Leigh Kenneth Barnard (born 29 October 1958) is an English former professional footballer who played as a midfielder. During his career, he made over 350 appearances in the Football League during spells with Portsmouth, Swindon Town and Cardiff City.

==Career==
Barnard joined Portsmouth as an apprentice in 1977 and appeared in 79 games for the club before falling out of favour in 1982 and being loaned out to Peterborough United.

He was given a free transfer to Swindon Town at the end of the 1981–82 season with, then manager, John Trollope commenting "He has the kind of appetite for work that Roger Smart used to have in midfield, and you can't ask for more than that". Barnard was a regular first team choice in his first season with the Wiltshire club and played in every League game.

A left-sided midfielder, Barnard was loaned by Swindon to Exeter City during the 1984–85 season after showing poor form in a Football League Trophy match against Torquay United.
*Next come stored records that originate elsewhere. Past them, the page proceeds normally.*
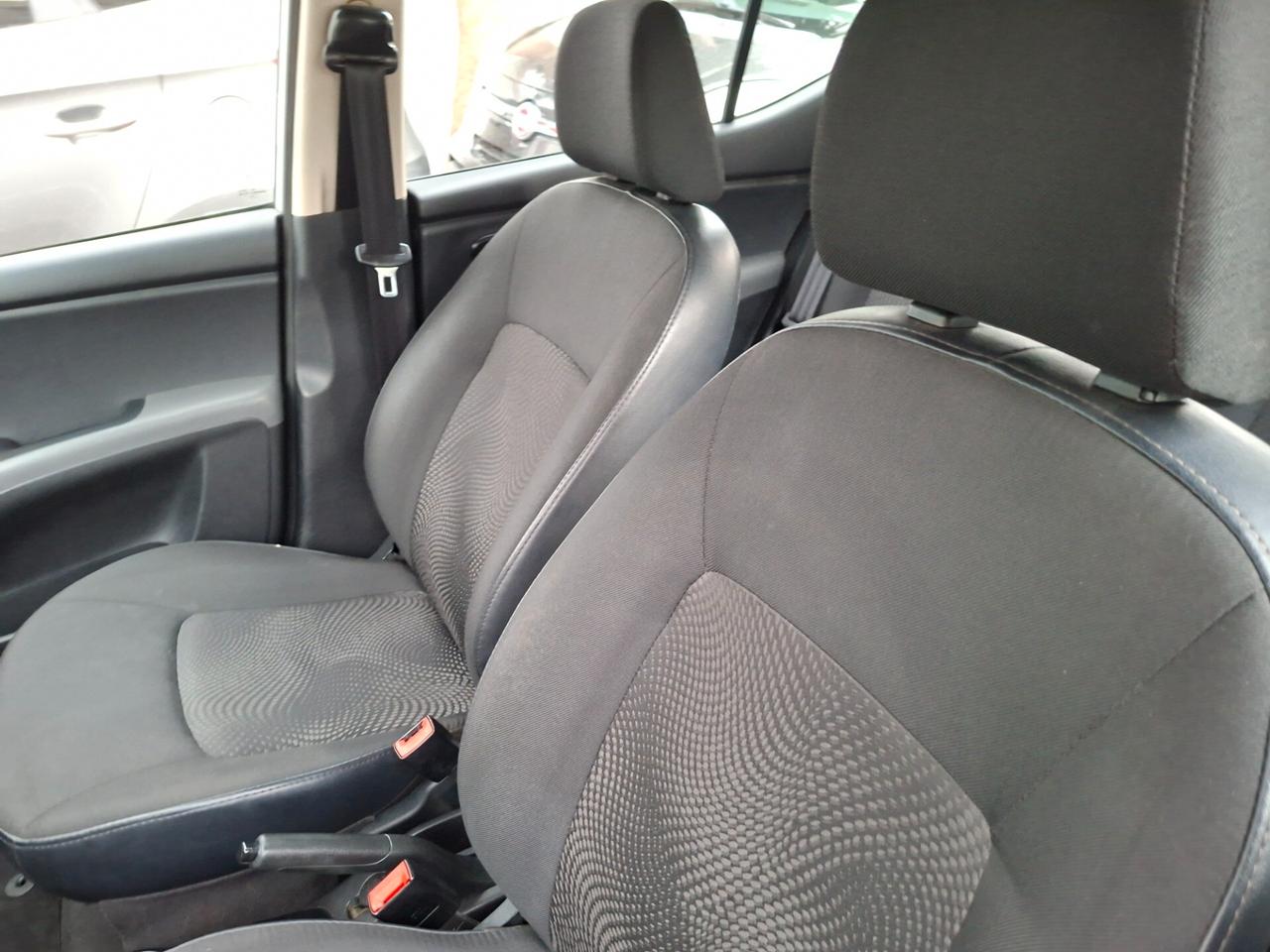 Hyundai i10 1.1 12V Econext Classic Plus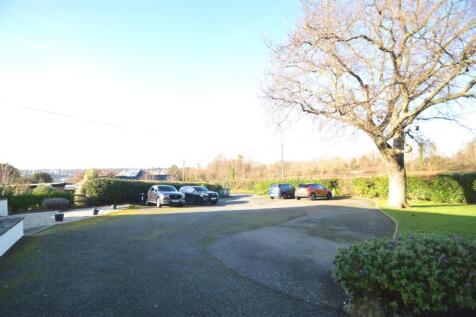 Communal Car Park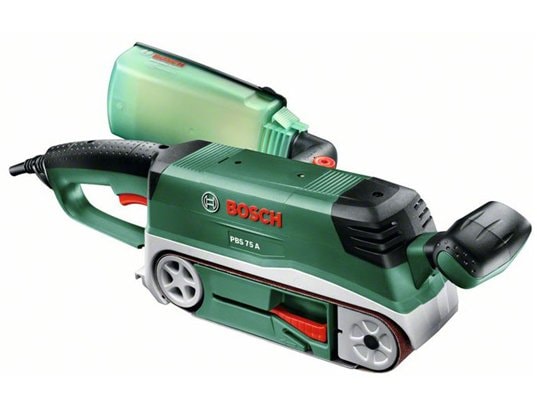 BOSCH - Ponceuse à bande PBS75A - 06032A1000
In all he appeared 6 times for the Devon club, scoring twice, before returning to the Swindon first team the following season and scoring a goal against Mansfield Town that clinched the Fourth Division Championship for the team.
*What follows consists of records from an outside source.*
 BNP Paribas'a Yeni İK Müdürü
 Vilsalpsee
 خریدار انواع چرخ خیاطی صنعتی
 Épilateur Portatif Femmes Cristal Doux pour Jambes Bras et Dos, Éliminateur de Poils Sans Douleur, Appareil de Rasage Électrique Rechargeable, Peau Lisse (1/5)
He lost his regular first team place in 1987–88 and did not appear in the first team again until the beginning of the 1989–90 season. A Fourth Division side on his arrival, Barnard made over 200 appearances for the club as they gained promotion twice during his spell the Robins, reaching the Second Division. He was eventually transferred to Cardiff City in October 1989 for £17,500 where he went on to appear 69 times, scoring 9 goals. After leaving Cardiff, Barnard later played non-league football for Stroud and Moreton Town. He also played in a trial match for Gloucester City against Bristol Rovers.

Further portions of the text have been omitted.